See my lucas oil tyre & trim shine review in this thread. Other good options are obsession wax nero and slickrims tyre dressing.


----------



## Demetrios72 (Jun 27, 2011)

Autosmart Highstyle is a great product.
I spray onto a paint brush and apply it that way :thumb:


----------



## Blackmondie (Mar 13, 2011)

Wolf's chemicals blackout
Just spray on and walk away. No need for buffing or removing excess


----------



## HITMANVW (Apr 29, 2013)

Mothers Reflections Tire Care or 3M Tyre Restorer. Both leave a great finish and are easily applied via a paint brush.


----------



## james_death (Aug 9, 2010)

Belated... But Welcome to the Forum...

There is also the old Carplan Tyre Slick... That is simply spray on and walk away.


----------



## Trooperman (Jul 20, 2015)

Wow, not used to forums being this active !, thanks for the welcome and the options guys 👍


----------



## ALLR_155528 (May 20, 2014)

Only one I can think of is Chemical Guys do a spray dressing never used it though


----------



## Trooperman (Jul 20, 2015)

It would appear Gyeon tire dressing is good gear, all reviews are excellent, but no dealers have got any in stock, so ordered some Slickrims tyre dressing from Waxaddict, I'll let you know what it's like.
Thanks again for your suggestions 
Pete


----------



## obelix1 (Jun 14, 2015)

Trooperman said:


> It would appear Gyeon tire dressing is good gear, all reviews are excellent, but no dealers have got any in stock, so ordered some Slickrims tyre dressing from Waxaddict, I'll let you know what it's like.
> Thanks again for your suggestions
> Pete


Got a new gyeon tire bottle home and a half full one , mdepending where you life happy to swap or sell it !


----------



## packard (Jun 8, 2009)

For 4x4 would say high style due to value and quality


----------



## Brian1612 (Apr 5, 2015)

Slick rims is good. I personally apply it the normal way to prevent waste. Just spray on a sponge applicator and spread around the tyre. No need to work in at it dries into the tyre, use less product this way.


----------



## Trooperman (Jul 20, 2015)

Applicators are not an option, the side walls are very knobbly, would be near impossible to do


----------



## Trooperman (Jul 20, 2015)

obelix1 said:


> Got a new gyeon tire bottle home and a half full one , mdepending where you life happy to swap or sell it !
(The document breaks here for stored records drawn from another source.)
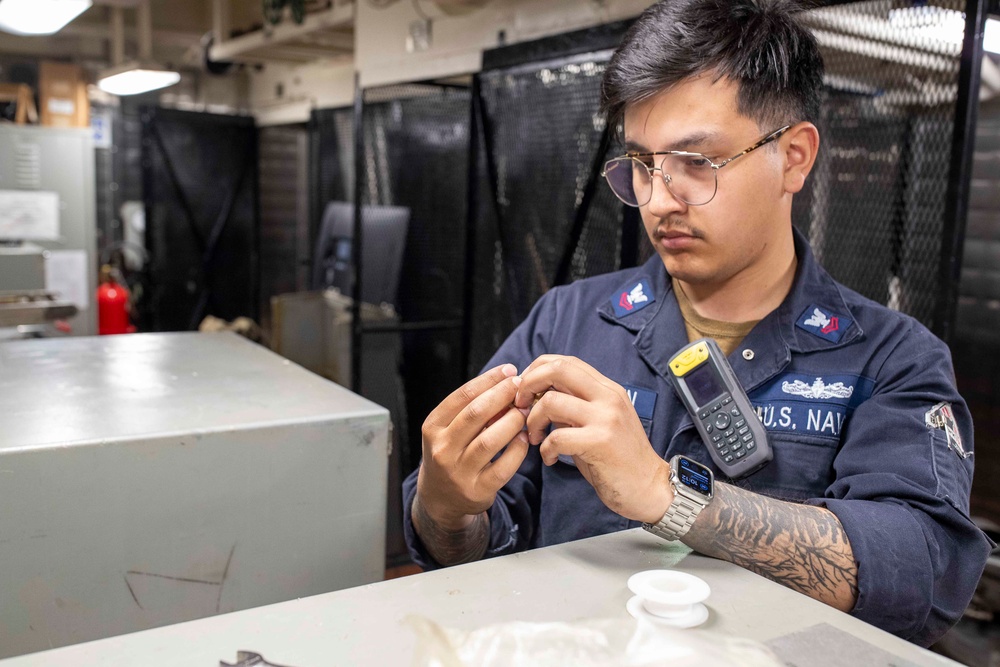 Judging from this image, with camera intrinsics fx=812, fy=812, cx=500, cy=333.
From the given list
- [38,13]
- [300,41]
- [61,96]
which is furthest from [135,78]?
[38,13]

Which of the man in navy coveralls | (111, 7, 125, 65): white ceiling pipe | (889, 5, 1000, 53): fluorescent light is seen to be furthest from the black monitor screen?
(111, 7, 125, 65): white ceiling pipe

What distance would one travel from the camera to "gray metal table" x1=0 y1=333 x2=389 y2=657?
1.03m

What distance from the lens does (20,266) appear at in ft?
11.0

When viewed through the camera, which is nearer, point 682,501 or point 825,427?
point 682,501

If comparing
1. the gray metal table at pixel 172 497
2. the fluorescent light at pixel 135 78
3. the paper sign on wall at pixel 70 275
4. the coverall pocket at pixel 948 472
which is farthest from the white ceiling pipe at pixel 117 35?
the coverall pocket at pixel 948 472

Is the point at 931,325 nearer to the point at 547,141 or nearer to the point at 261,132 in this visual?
the point at 547,141

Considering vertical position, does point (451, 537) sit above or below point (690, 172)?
below

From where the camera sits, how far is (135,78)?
5.20 meters

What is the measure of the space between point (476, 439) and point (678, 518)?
28 cm

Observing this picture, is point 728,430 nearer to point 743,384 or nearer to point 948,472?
point 743,384

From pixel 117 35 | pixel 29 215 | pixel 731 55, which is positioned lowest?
pixel 29 215

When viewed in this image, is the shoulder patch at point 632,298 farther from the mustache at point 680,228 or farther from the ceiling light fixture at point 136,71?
the ceiling light fixture at point 136,71

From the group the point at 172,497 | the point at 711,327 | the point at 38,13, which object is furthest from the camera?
the point at 38,13

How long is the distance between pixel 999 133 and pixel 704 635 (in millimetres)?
3177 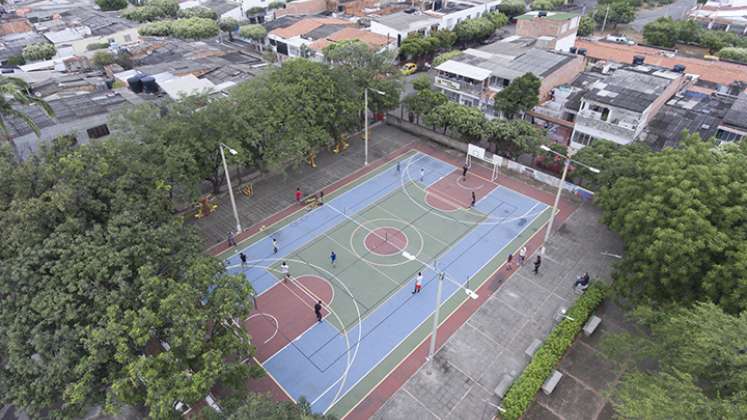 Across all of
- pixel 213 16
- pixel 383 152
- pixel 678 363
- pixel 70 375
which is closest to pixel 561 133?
pixel 383 152

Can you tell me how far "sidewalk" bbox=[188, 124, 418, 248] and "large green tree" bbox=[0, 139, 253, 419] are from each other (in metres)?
10.3

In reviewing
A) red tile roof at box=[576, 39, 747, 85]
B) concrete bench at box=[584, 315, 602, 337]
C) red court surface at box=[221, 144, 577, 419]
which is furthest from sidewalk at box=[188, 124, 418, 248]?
red tile roof at box=[576, 39, 747, 85]

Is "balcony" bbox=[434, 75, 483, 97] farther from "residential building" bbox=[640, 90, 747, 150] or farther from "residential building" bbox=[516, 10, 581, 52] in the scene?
"residential building" bbox=[640, 90, 747, 150]

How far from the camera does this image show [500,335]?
25.6m

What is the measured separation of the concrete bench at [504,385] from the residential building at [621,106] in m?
27.4

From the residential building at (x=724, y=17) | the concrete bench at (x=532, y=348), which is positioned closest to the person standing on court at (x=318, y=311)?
the concrete bench at (x=532, y=348)

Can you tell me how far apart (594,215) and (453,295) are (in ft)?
50.4

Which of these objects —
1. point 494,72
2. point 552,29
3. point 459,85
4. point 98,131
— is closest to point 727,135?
point 494,72

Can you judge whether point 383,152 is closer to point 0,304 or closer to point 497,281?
point 497,281

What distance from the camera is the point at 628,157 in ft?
105

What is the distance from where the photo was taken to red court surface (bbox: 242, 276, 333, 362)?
2538cm

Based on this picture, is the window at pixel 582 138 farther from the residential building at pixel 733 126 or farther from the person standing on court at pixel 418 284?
the person standing on court at pixel 418 284

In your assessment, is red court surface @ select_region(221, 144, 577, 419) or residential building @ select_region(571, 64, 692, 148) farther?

Thanks for the offer, how much posted for the full bottle 👍


----------



## Hufty (Apr 27, 2015)

Another vote for mothers but my fave at the moment is Adams tire shine, check the vid on their thread they use a big 4x4 tyre to demo.


----------



## Brian1612 (Apr 5, 2015)

An old sponge should work fine Trooperman, no reason why you shouldn't be able to spread it around the tyre. It's not thick, it spreads like water.


----------



## Cy-Zuki (Feb 9, 2015)

Check out AG's latest Pro tyre dressing - applied with brush. I use old bit of sponge from a settee inner works on my 4x4 knobblies!


----------



## Chris221273 (Aug 16, 2015)

I use a tyre shine which I buy from a company on eBay.
Have been using it now for probably 10 years +!!!!
It's called trafalgar super rubber dressing.
Costs about £20 for 5 litres and it'll last a very very long time (years)!!!
I use an old flask cup and half fill it and then use a tyre brush (you could use a paint brush) and it gives the tyres a great, long lasting shine.
I tired other more expensive ones when I started out mobile valeting full time a few months back, but they weren't a patch on this stuff.
What doesn't get used in the cup gets poured back into the tin!!


----------



## Cy-Zuki (Feb 9, 2015)

Chris221273 - does this stay on the tyre or do you get any sprayoff after application? I have never heard of this Trafalgar product.

Anyone else use it?


----------



## eric272 (May 18, 2013)

NEVER spray "dressings" on tyres.Spray onto a sponge then apply to tyre.I buy cheap washing sponge/scouring pads and cut them into 2 or 3's.The spray ALWAYS ends up on the bodywork.Spray onto a pad first,then wipe.


----------



## Jonnybbad (Jun 12, 2013)

been using gyeon tire for ages considering it comes in 400ml a bottle last ages but have just bought some slickrims on the back some good reviews


----------



## Trooperman (Jul 20, 2015)

eric272 said:


> NEVER spray "dressings" on tyres.Spray onto a sponge then apply to tyre.I buy cheap washing sponge/scouring pads and cut them into 2 or 3's.The spray ALWAYS ends up on the bodywork.Spray onto a pad first,then wipe.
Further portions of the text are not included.